GIVEN RECORDS:
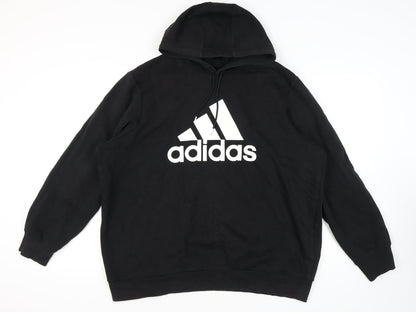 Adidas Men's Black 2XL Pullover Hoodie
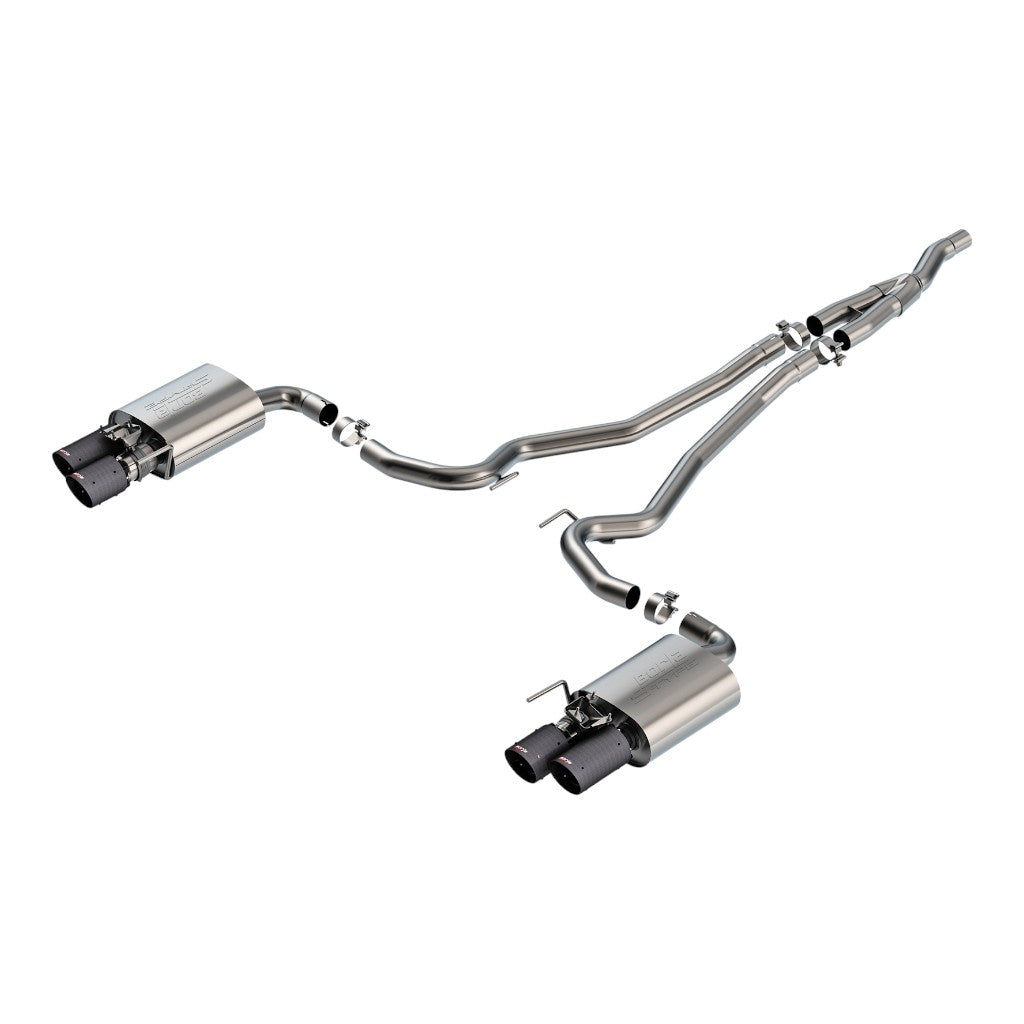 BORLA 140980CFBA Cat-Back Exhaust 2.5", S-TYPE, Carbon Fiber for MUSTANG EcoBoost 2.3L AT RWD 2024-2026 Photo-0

* * *

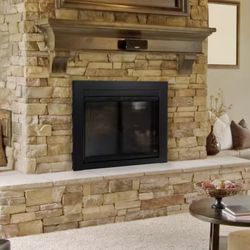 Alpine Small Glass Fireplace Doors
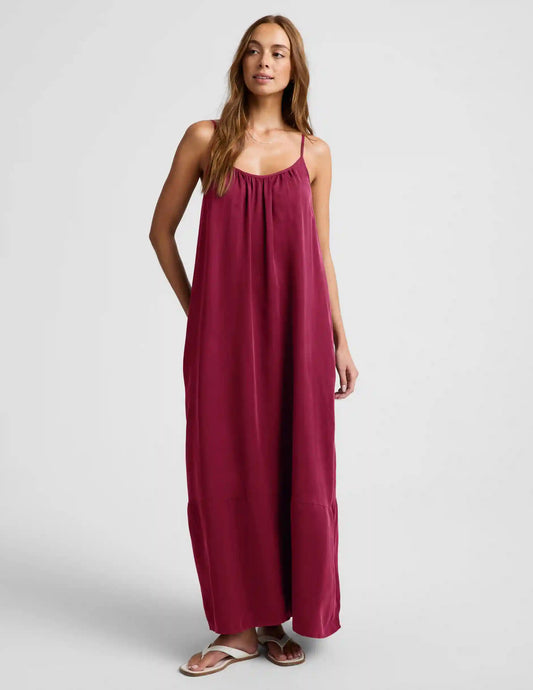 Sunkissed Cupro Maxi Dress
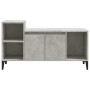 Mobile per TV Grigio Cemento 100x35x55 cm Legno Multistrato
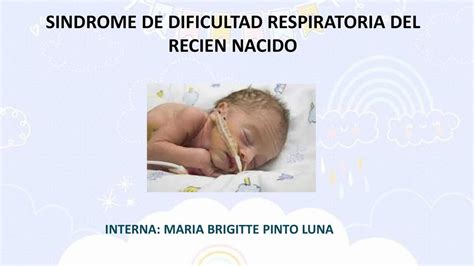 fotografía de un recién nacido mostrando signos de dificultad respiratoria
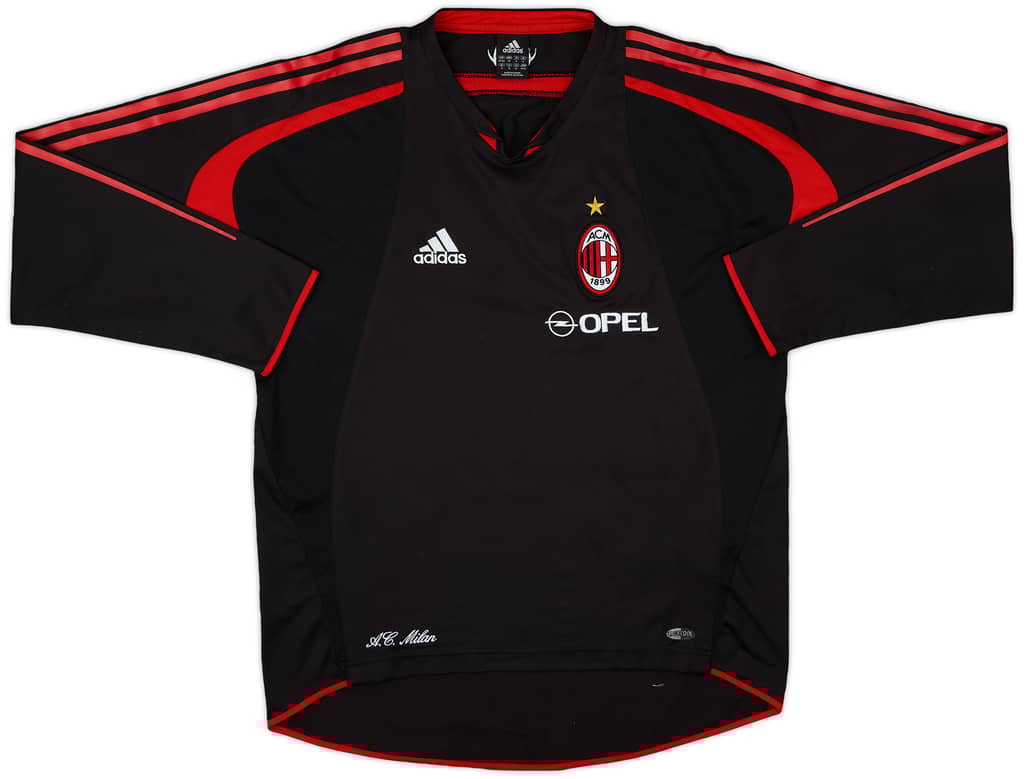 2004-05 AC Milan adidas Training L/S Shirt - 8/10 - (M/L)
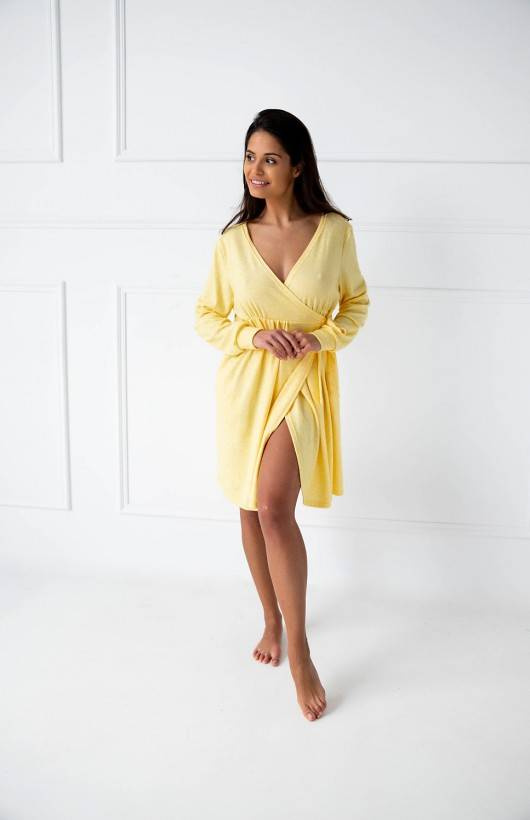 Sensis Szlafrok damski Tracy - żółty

REQUIRED ACTION:
What are the lines above from the one with "Alpine Small Glass Fireplace Doors" to the one with "Sensis Szlafrok damski Tracy - żółty", both included? Reproduce them exactly, without pictures.

OUTPUT FOR THIS EXERCISE:
 Alpine Small Glass Fireplace Doors
 Sunkissed Cupro Maxi Dress
 Mobile per TV Grigio Cemento 100x35x55 cm Legno Multistrato
 fotografía de un recién nacido mostrando signos de dificultad respiratoria
 2004-05 AC Milan adidas Training L/S Shirt - 8/10 - (M/L)
 Sensis Szlafrok damski Tracy - żółty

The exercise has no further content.